プラウゼによれば、エジソン、リンカーン、ノーベル、ルソーなどはその典型だそうです。その理由としては大きく2つが考えられます。1つ目は、あまりにスケールが大きすぎて、学校という規格に当てはまらず、教師もその才能を見抜けなかったこと。2つ目は、これらの人に共通することですが、自分の好きなこと(興味あること)にしか関心を示さず、得意・不得意があまりにもはっきりしすぎていたため、多くの学校が目指す「知・徳・体」のバランスのとれた優等生にはなれなかったことです。どちらにしても、日本にも「二十歳過ぎればただの人」ということわざがあるとおり、学生時代の成績が必ずしも将来とは関連しないというよい例だと思います。
こういうことを書くと必ず「監督、それは違うんじゃないですか。今の時代は…」という反論が必ず起こります。こういう人たちは、おそらくみんな共通して“学歴”(良い成績を取ることがその子の優秀さの証であり、上級学校への進学を可能にする)という重みが、他の要素や可能性、これからの変容や成長というものを圧倒して、大きく意識の中にあるのでしょう。そして、あたかも成績の善し悪しがその子の“格付け”になり、良い成績を取れば未来は開かれるが、悪ければ全てが閉ざされてしまうがごとく考えてしまっているのかもしれません。
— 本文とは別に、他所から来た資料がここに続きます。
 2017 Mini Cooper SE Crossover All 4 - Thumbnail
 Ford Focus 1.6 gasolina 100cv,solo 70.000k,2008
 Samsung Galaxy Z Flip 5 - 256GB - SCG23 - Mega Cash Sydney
さて、先日学校から渡された通知表ですが、ここに記載されている「A」「B」「C」は、そのままその子の人間としての実体や価値ではありませんし、もちろん格付けでもありません。教科の方は、前期の間(4月~9月)にどれだけの学習内容が目標に到達したかを示しています(到達度評価)。一昔前の評価は相対評価といって、クラスの中での位置(上中下)を示していましたが、現在の評価は、先生が決めた基準(例えば、90%以上がA、60%以上がB、それ以下がCというように)がどこまで到達したか(理解できたか。身についたか。)を評価しますので、学習の定着度はわかりますが、クラス内での位置や順位を図るものではありません。
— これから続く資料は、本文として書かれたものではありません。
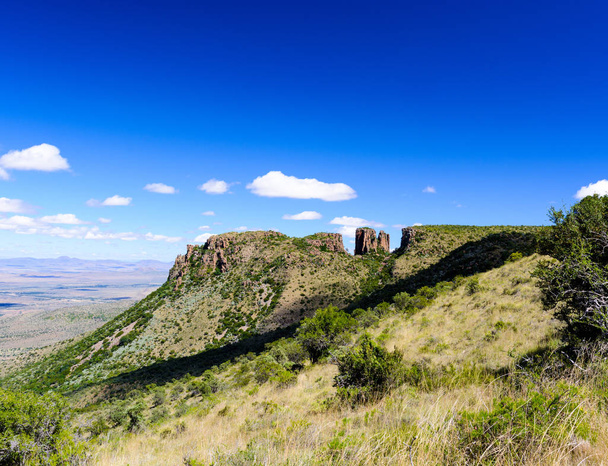 Χρώμα φωτογραφίας τοπίου εξωτερική Πανόραμα του λόφου με βράχους στην κοιλάδα της ερήμωσης, Karoo, Νότια Αφρική Graaff-Reinet, Camdeboo, σε μια ηλιόλουστη μέρα, γαλάζιο ουρανό, κάποια σύννεφα, ευρεία θέα προς τον ορίζοντα  - Φωτογραφία, εικόνα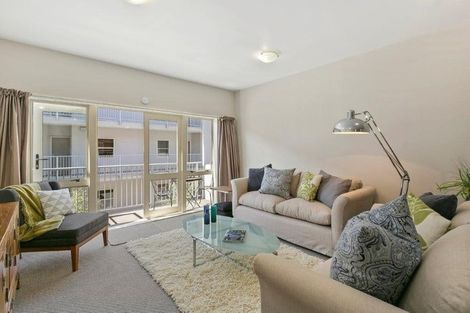 Photo of property in Luxford Villas, 110/72u Herald Street, Berhampore, Wellington, 6023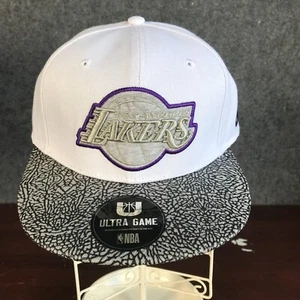 Neu mit Etikett Los Angeles L.A. Lakers Basketball NBA Snapback Baseballkappe Mütze Ultra Game - Bild 1 von 8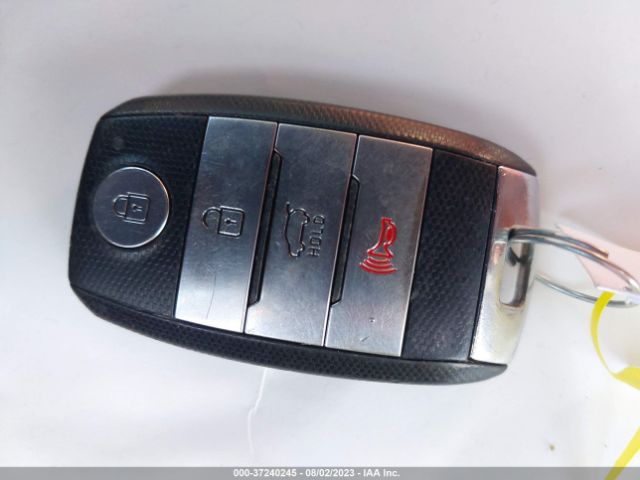 5XYPK4A51HG231764 KIA Sorento Sx V6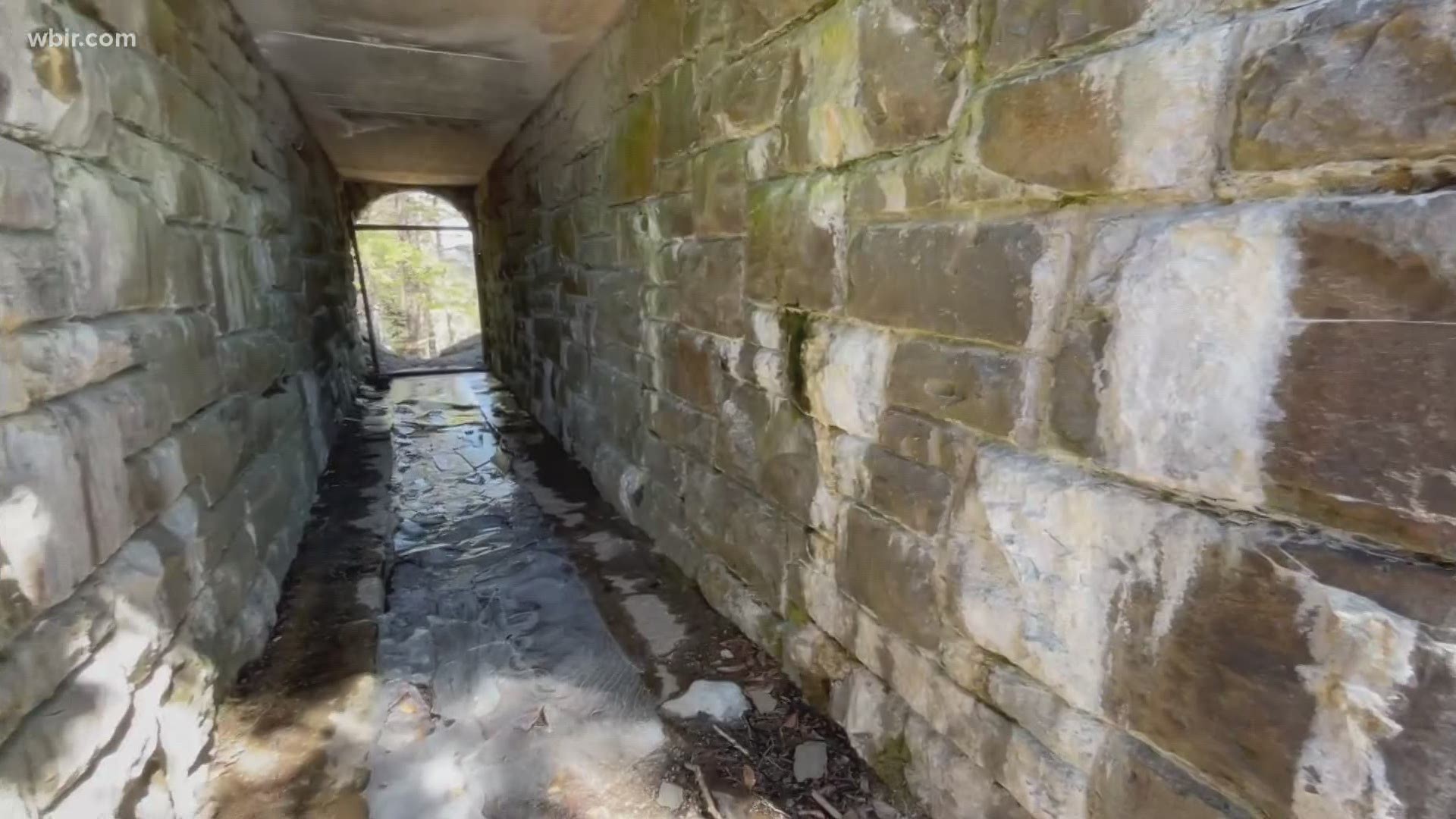 10News reporter Jacinta Render was at Clingman's Dome in the Great Smoky Mountains talking to people about their visits and shows us a look at a hidden secret.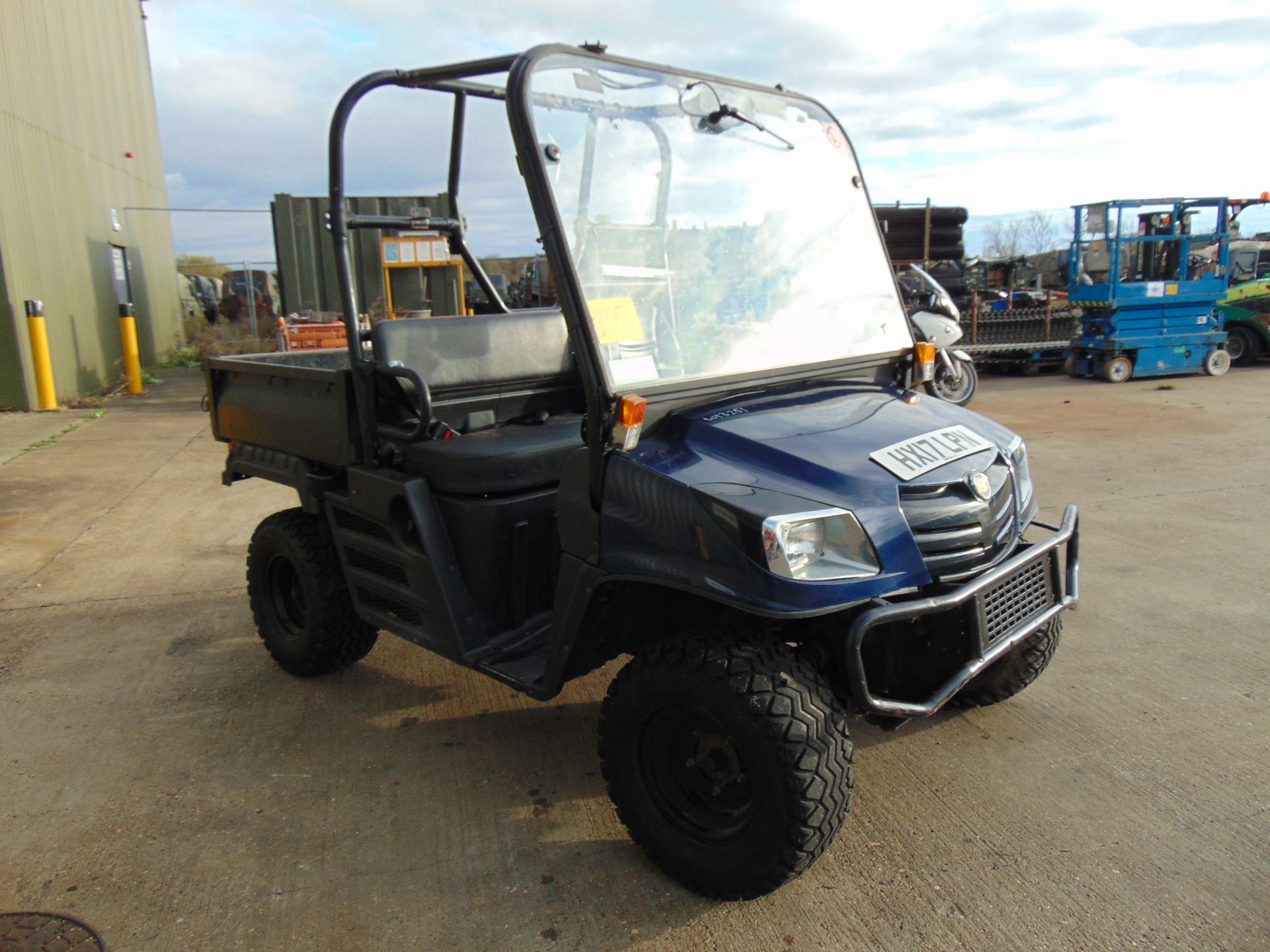 2017 Cushman XD1600 4x4 Diesel Utility Vehicle Showing 805 hrs - Image 3 of 17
また、行動面の評価はこの到達度評価に加えて個人内評価も加味されていますので、他人と比べてではなく、その子個人としての長所や成長、努力した項目に「○」がついています。
さて今回、私が各家庭にお願いしたいのは、苦手な算数の思考力を叱るより、得意な体育のボールゲームでの活躍を認めてあげてほしい、うるさくて調子に乗りやすい性格を叱らずに、常に明るく前向きな面を褒めてほしいということです。子どもは日々変わり成長していくものですから、一番大切なのは「過去」ではなく「未来」です。どうぞ、せっかくの楽しい後期の前に、子どもがやる気をなくし自信喪失状態になるようなことは、言いたくても腹の中でぐっとこらえ、「よくがんばった。後期もまた新しいことに挑戦してがんばろう。」という温かい励ましをお願いします。